Mortgage Crisis Crosses The Atlantic
I know I've mentioned this before, but my mother always told me to watch the United States to find out what was going to happen to our weather. Her theory, and like all mothers she was quite right, is that bad weather always comes across the Atlantic from the States.
The same is true of our economy. Here in Britain, we have just had a very depressing annual budget report, packed with tax rises and borrowing and gloom, and it is all your fault -- you and your rotten sub-prime fiasco.
As a result of the ensuing credit crunch, says our Treasury Secretary, we are not getting the economic growth we expected. That means less revenue for him, that means more tax for us, that means more borrowing for the government.
Not his fault you understand. Your fault.
Not that we can compete with you in terms of deficits. I read of a US deficit of 175 billion dollars for February alone. Now that is what I call a deficit. Makes me almost embarrassed to mention our paltry little debt.
But we are in a spot of bother, it seems -- and that means we are going to have to pay more to put cars on the road, and fill them up with gas. And there we can put you in your place. I read that you are outraged to be paying more than $3.20 a gallon. Here we are paying more than 10 dollars. We are also going to have to pay more for cigarettes, and booze, and those big SUVs.
So the outlook is gloomy, although not as yet desperate, according to our government. Taxes are rising a bit, and borrowing is rising quite a bit, but all is under control. But like my mother, our Treasury Secretary is gazing anxiously across the Atlantic as he makes those predictions. The problem is that no one -- not the journalists, not the financial gurus, and not even the Prime Minister, knows how much trouble the world is really in. Confidence has fallen faster than a New York Governor.

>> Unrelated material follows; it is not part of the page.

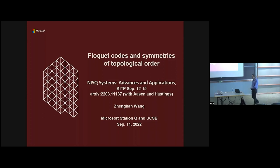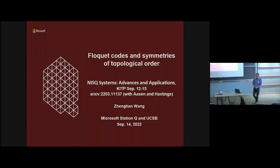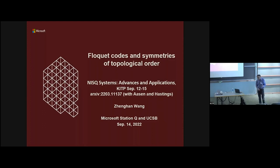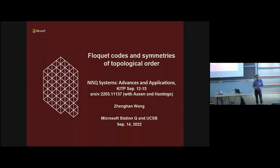This is joint work with Dave Aasen and Matt Hastings. We happen to both be here, and if you find it interesting after my talk, you should talk with them — they are much better than me as resources. We don't have a complete theory of Floquet codes yet; it has just barely started. We are still looking for examples, but I want to give you the dream picture I have in my mind of how this fits into the general theory of error correction codes.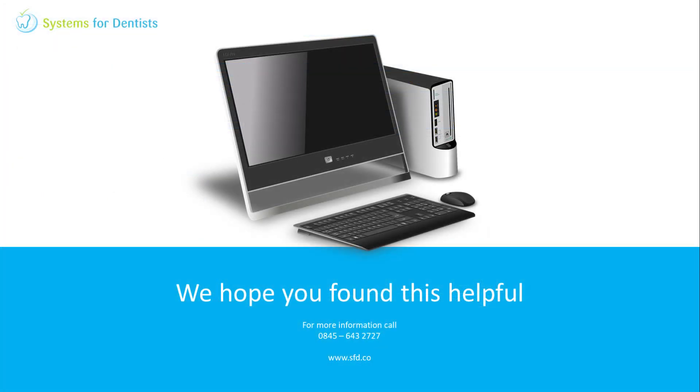Thank you for watching. For more videos and FAQs please see our website. For other questions or support requests don't hesitate to call.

So the other day, your Federal Reserve and our Bank of England joined banks across the world to pump a lot more money into the banking system in an attempt to get the wheels moving again. Will it work? Well, it all depends on you. Have we heard the end of the credit crunch? Is there still a bank in trouble? Just how dark are the clouds gathered over the American economy? As my mother would have told me, only when we know what your weather is really like will we know whether our Treasury Secretary's sums will add up.